別れを切り出された時も、それから何度も飲みに行った時も、「別れた後も仲良くしたい方だから≧▽≦」と、特に気にしていなかった。
実際付き合っていた間も、"ぼくがきみを好きなキモチ"は、"きみがぼくを好きでいてくれるキモチ"よりも小さかったと思う。我ながら安い稚拙な表現ではあるけれど。
ぼくはきみにkissをした。
隣りに座るきみを見ていたら、何故か急にとても寂しくなって。
今の彼の話を聞いていたから?
飲みに行った時はいつもぼくから聞くくらいだからそれはない。
付き合い出したのが冬だったから?
出会ったのは夏、別れたのは秋。これも違うだろう。
結局理由はわからないケド、何故かあの瞬間死ぬほど寂しくなった。
だからkissした、別に「ここキス」を歌ってくれた訳でもないのに。
ぼくはきみにkissをした。
いつもの通り、首にばっかり。たまに唇に。そんなkissをきみは「上手だよ」って褒めてくれた。

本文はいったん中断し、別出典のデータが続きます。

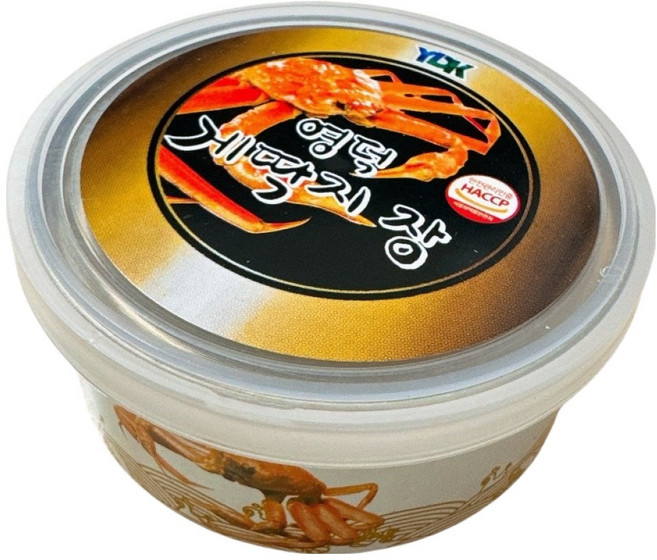 YDK 即食蟹膏 黑盒, 1個, 90g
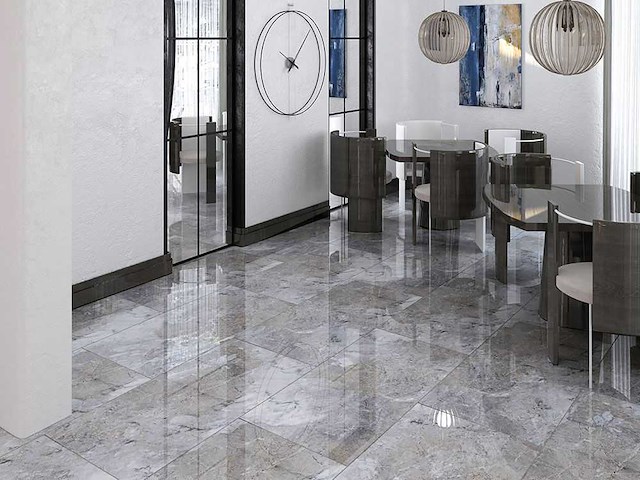 Qua granite mila gepolijst vloertegel 60x120 cm 64,8 m² - afbeelding 3 van  5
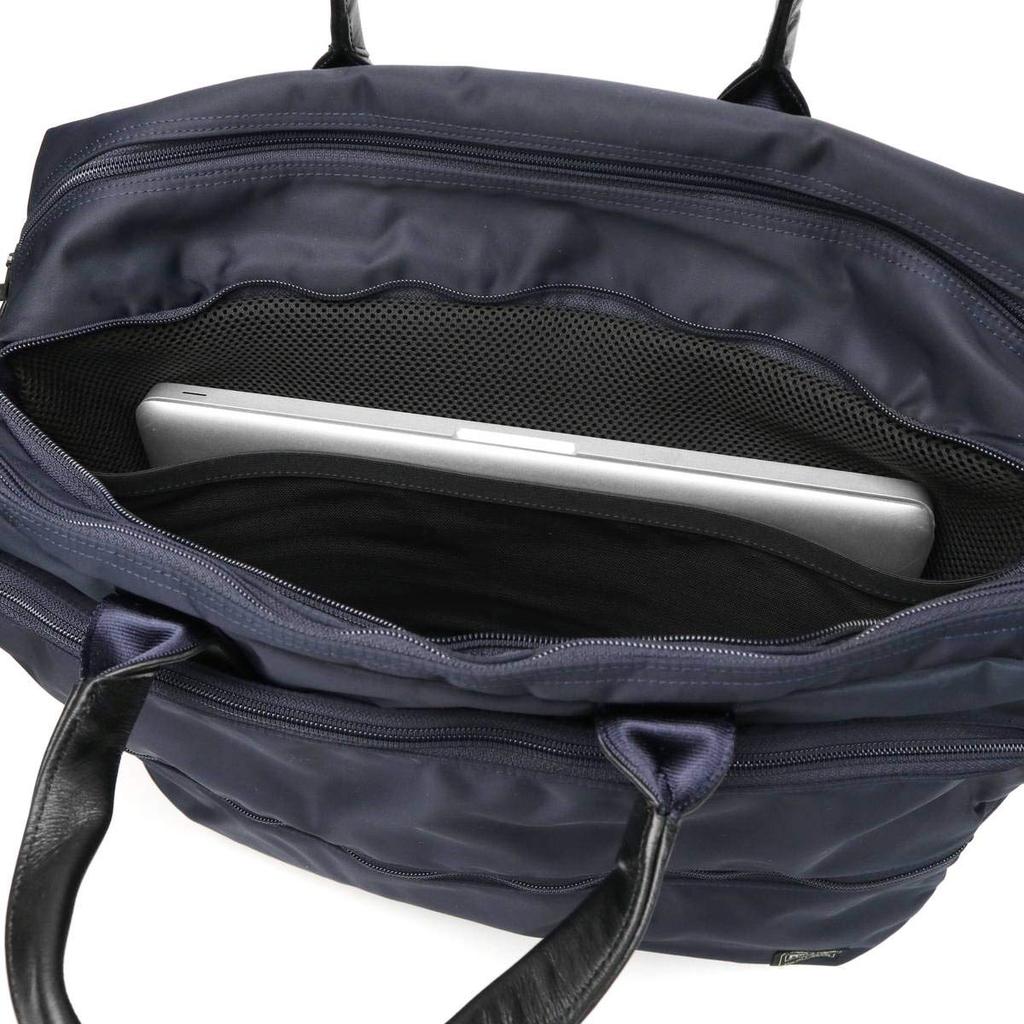PORTER TIME 2WAY OVERNIGHT Деловая сумка [Porter] ПОРТФЕЛЬ(L) 655-08294 ВМС/50
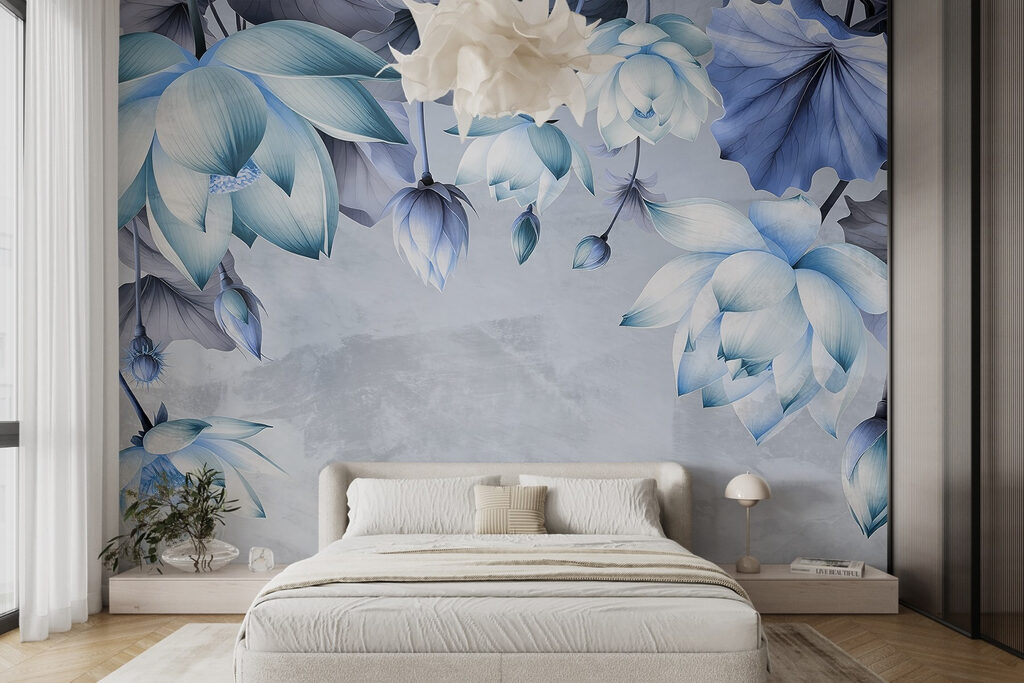 Moldura floral aberta — interior 3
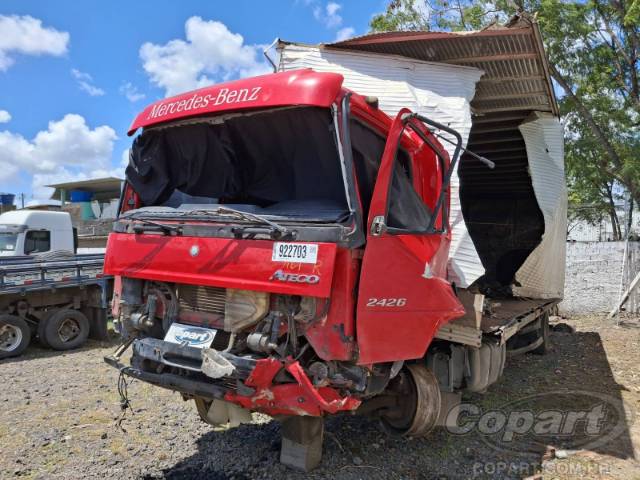 2018 MERCEDES BENZ ATEGO 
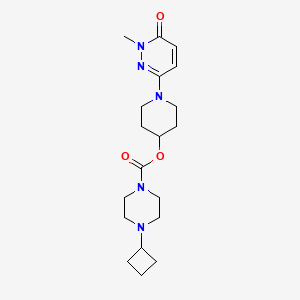 Chemical structure of LML134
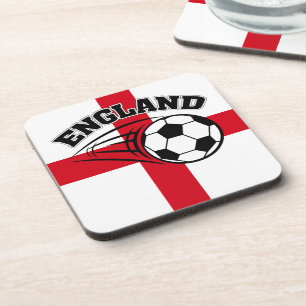 Dessous-de-verre Supporters de l'équipe de football d'Angleterre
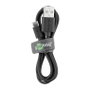 Goobay USB-C Ladeset 5W Negro con Cable de 1 Metro (USB-A a USB-C) inevitable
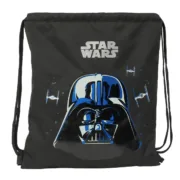 Saco Mochila com Cordas Star Wars Rebellion Preto 35 x 40 x 1 cm Jogos | Disfarces - nacloset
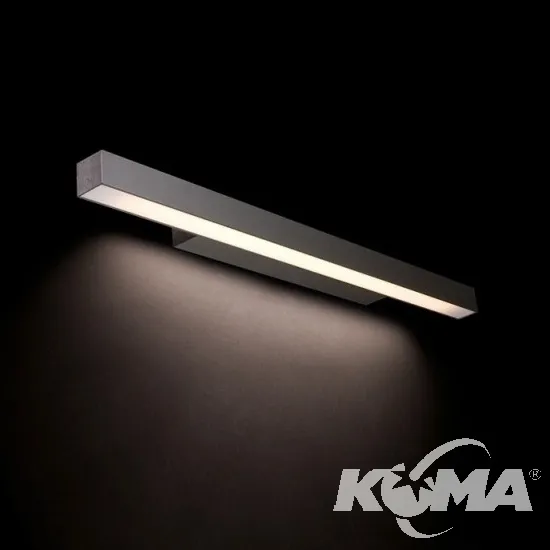 Do wyczerpania zapasów Kinkiet aluminiowy 1x24W T5 230V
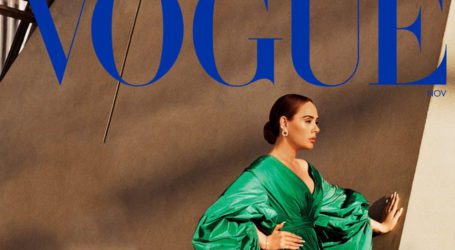 Adele creates history by covering British and US Vogue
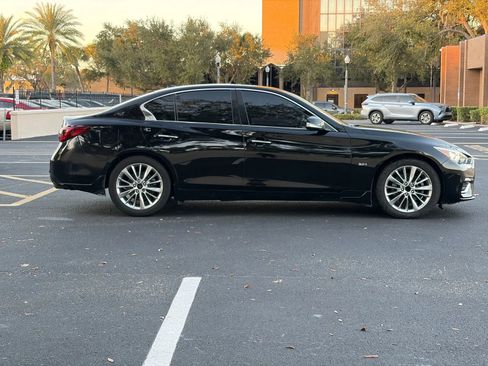 Used 2019 INFINITI Q50 Luxe image 4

・・・・・唇が震えてた。顔を上げるときみは泣いてた。
模試の国語で180オーバー取れたって、こんな時なんて云えばいいのか、きみの今の気持ちをなんて表現すればいいのか、所詮クソガキなぼくにはわからなかった。
今の彼が好きで、でもぼくの事も今でも嫌いにはならないでいてくれて、この状況をどうしていいのかわからなくて、それで泣いちゃったの。ごめんね。
きみはそう云ってくれた。理由はどうあれ、ladyを泣かせたぼくに。
こんな状況で、自分の気持ちをちゃんと相手に伝えられてる。「幼い、幼い」とよくきみをからかったけど、いまさら流石だと思った。
云うのが物凄く遅くなった気もするけど、ありがとう。
イイ男になろうと思った。とりあえずは大学受験を一撃で決める事が先なんだけど。
ぼくはきみにkissをした。
「もうしないね。」そういってきみの頬に。
きみは一回頭をぼくの肩に預けてから、改札を抜けてった。